2. No options market with crypto. Stock options allow small returns of the underlying index or stock to be magnified, but options trading is still very limited with crypto. It is possible, but it does not work nearly as well as stock option trading.
3. Too hard and cumbersome to deposit and withdrawal large sums of and crypto and or fiat. Even after 911, given all of the Patriot Act restrictions, I found it very easy to deposit money in a brokerage account and begin trading. All I had to do was wire money to the broker and within 3 days I was able to trade. With crypto, often you need ID cards and proof of funds due to various arbitrary compliance and anti-money laundering restrictions and regulations. Prior to 2017, it was easy to transfer funds and crypto in and out of exchanges, but criminals inevitably abused and exploited the good will of exchanges. That is usually what happens with these sort of things: all it takes is a few bad actors to permanently ruin it for everyone else. Two decades later, we still have to take off our shoes at the airport because someone had the brilliant idea of smuggling a bomb in their shoe.
4. Too small of position sizes. On /r/wallstreetbets it is not uncommon to see traders in their 20s or 30s make bets of ten thousand dollars or more on a single option trade. Yet for some reason with crypto everyone is skinflint and risk averse. It’s like “I deposited $50 into my Coinbase” is the norm. You’re not going to get rich with such as small investment even if Bitcoin goes up 100x. It is the same age group and demographic buying stock as buying crypto, so it’s not like the crypto traders should have less money.
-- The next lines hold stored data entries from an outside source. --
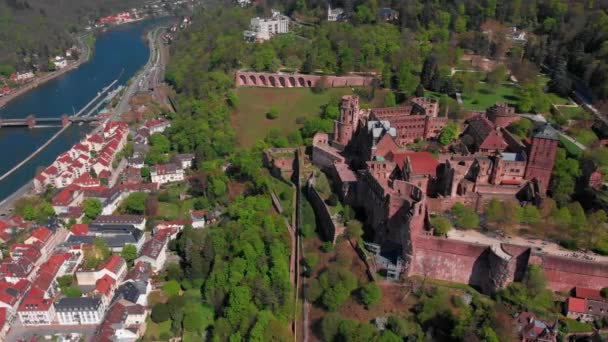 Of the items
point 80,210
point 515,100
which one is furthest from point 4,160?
point 515,100

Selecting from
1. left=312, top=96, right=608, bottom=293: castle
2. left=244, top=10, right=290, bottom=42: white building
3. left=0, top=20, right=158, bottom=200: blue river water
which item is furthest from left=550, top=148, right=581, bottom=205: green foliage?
left=244, top=10, right=290, bottom=42: white building

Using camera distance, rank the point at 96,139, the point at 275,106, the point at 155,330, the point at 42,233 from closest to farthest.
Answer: the point at 155,330
the point at 42,233
the point at 96,139
the point at 275,106

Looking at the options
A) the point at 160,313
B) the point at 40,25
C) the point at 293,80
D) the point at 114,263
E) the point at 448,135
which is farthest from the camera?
the point at 40,25

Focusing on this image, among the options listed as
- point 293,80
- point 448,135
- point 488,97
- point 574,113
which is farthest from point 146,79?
point 574,113

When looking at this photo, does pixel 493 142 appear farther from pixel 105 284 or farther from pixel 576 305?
pixel 105 284

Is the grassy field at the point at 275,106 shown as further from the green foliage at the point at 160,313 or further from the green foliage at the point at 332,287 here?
the green foliage at the point at 332,287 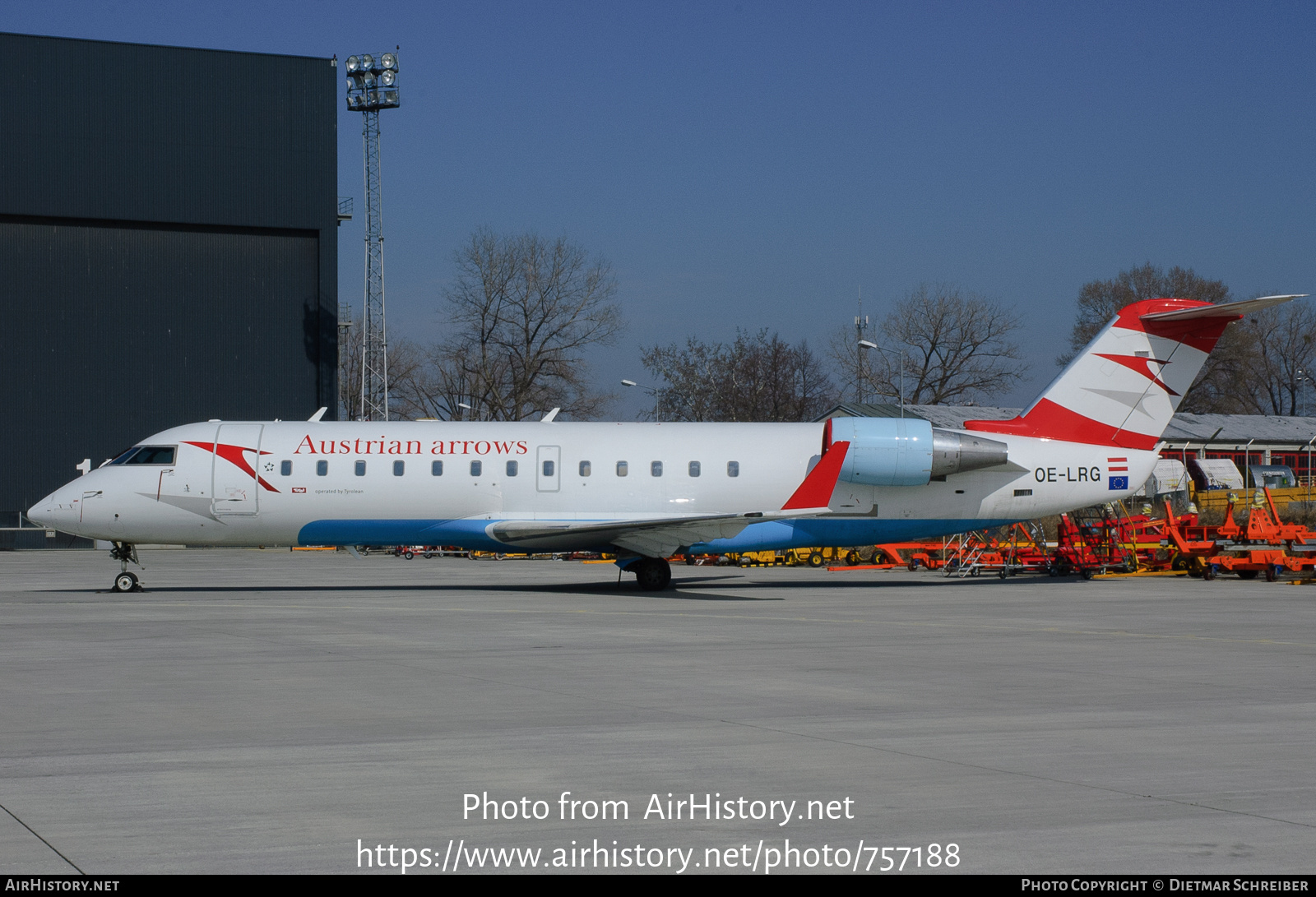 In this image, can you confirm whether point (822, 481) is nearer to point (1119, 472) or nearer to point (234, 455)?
point (1119, 472)

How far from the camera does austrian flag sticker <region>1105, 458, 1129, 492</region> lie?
2597 cm

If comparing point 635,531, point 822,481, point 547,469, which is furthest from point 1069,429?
point 547,469

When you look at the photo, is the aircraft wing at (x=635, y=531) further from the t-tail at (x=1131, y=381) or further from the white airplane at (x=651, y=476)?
the t-tail at (x=1131, y=381)

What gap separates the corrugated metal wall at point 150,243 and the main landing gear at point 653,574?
33.6 metres

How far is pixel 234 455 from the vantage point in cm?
2467

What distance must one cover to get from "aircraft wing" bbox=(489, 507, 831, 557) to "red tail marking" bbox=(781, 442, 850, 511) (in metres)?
0.16

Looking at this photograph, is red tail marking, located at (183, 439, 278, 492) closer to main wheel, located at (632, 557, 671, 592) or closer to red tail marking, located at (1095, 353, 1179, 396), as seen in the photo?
main wheel, located at (632, 557, 671, 592)

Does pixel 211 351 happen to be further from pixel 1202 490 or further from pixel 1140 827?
pixel 1140 827

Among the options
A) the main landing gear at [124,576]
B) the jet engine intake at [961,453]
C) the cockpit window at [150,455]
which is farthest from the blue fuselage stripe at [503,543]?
the main landing gear at [124,576]

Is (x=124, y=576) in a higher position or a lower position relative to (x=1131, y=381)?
lower

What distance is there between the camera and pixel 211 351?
178ft

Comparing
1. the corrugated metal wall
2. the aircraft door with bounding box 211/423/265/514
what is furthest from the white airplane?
the corrugated metal wall

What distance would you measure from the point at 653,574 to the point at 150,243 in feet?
121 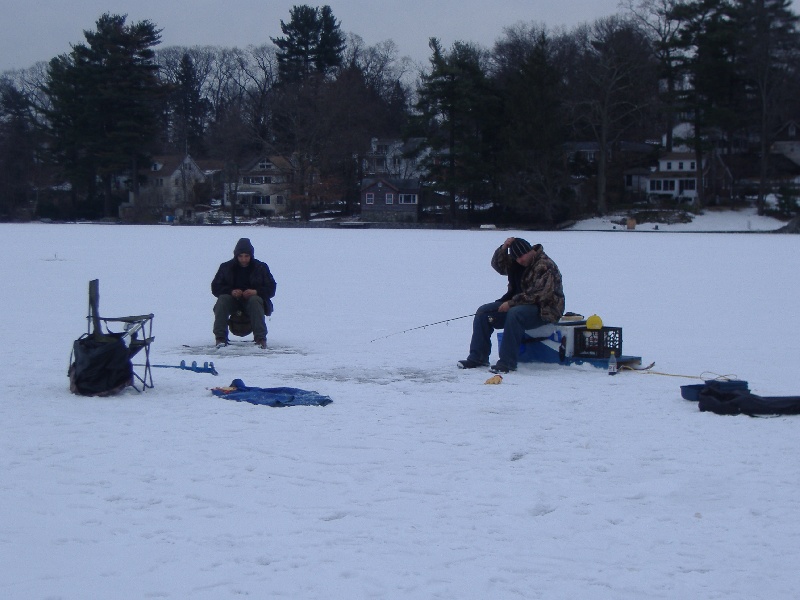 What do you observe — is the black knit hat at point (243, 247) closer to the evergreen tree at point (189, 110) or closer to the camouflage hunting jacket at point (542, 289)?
the camouflage hunting jacket at point (542, 289)

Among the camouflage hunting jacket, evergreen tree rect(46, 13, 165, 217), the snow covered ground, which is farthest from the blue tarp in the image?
evergreen tree rect(46, 13, 165, 217)

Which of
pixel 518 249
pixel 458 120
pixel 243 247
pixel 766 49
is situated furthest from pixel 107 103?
pixel 518 249

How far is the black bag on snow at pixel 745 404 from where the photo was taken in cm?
628

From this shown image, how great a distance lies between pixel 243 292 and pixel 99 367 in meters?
2.91

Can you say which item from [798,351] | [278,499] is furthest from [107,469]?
[798,351]

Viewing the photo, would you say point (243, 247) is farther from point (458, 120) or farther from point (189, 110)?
point (189, 110)

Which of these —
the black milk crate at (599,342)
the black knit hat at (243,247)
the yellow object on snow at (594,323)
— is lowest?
the black milk crate at (599,342)

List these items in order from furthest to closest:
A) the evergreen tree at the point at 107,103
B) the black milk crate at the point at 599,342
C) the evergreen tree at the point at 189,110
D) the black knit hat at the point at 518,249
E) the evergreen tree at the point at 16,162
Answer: the evergreen tree at the point at 189,110
the evergreen tree at the point at 16,162
the evergreen tree at the point at 107,103
the black knit hat at the point at 518,249
the black milk crate at the point at 599,342

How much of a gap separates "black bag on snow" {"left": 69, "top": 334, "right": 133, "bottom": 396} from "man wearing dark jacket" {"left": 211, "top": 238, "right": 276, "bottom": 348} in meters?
2.64

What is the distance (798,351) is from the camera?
31.2 ft

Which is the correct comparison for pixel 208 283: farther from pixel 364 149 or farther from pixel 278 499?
pixel 364 149

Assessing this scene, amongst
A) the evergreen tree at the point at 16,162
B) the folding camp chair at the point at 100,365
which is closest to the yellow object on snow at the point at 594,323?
the folding camp chair at the point at 100,365

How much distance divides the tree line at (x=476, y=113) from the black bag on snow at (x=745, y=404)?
48.7 meters

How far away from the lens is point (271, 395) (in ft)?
22.3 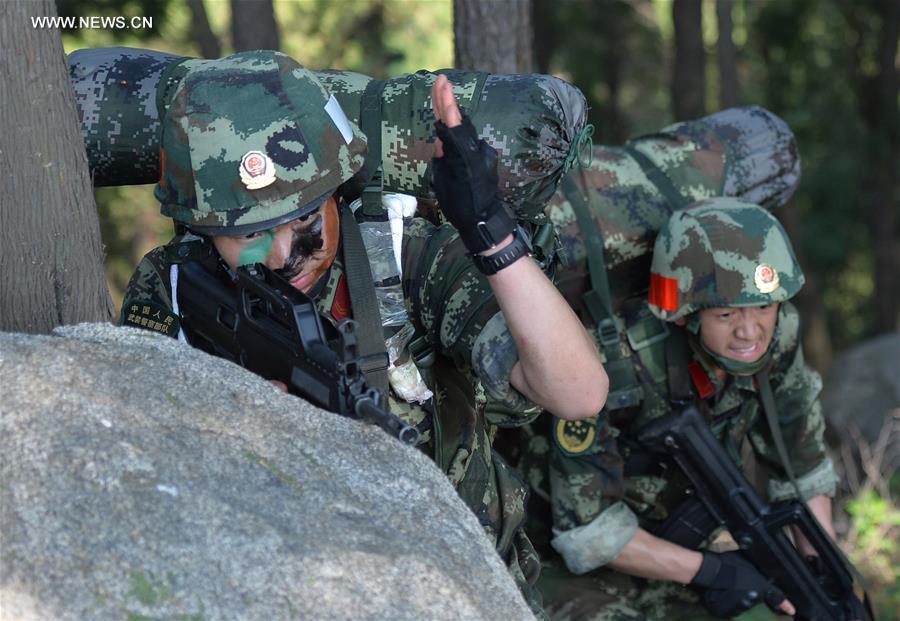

5. Gains do not hold. GME stock started at $3 in 2020 and a year later is still above $100. Stocks tend to ‘trend’ which means that past price movement predicts future direction. If a stock has risen 70 out of the past 100 days, likely it will keep rising, at least for the foreseeable future. This is known as momentum, and there is evidence that in spite of the efficient market hypothesis, that it exists. With crypto, sometimes an altcoin will get pumped 100% in a day and then the next day give up most of its gains, and then a week later be back to where it started. It is hard to make money off that because there is no follow-through or trend to ride higher. It s not like Gsamestock, which kept going up for many months, or, like Tesla, which went from $70 to $900 over 2 years.
6. As discussed earlier, crypto is more like a commodity than a stock. Whereas stocks tend to generate shareholder value in the form of retained earnings, dividends, or buybacks, crypto does not generate earnings that can be passed on to investors. Also, crypto has more inflation than stocks, as some inflation (between 2-5%) is built into crypto protocols, whereas with stocks the supply tends to shrink over time due to buybacks. Historically, for these reasons, commodities tend to have far worse returns than stocks.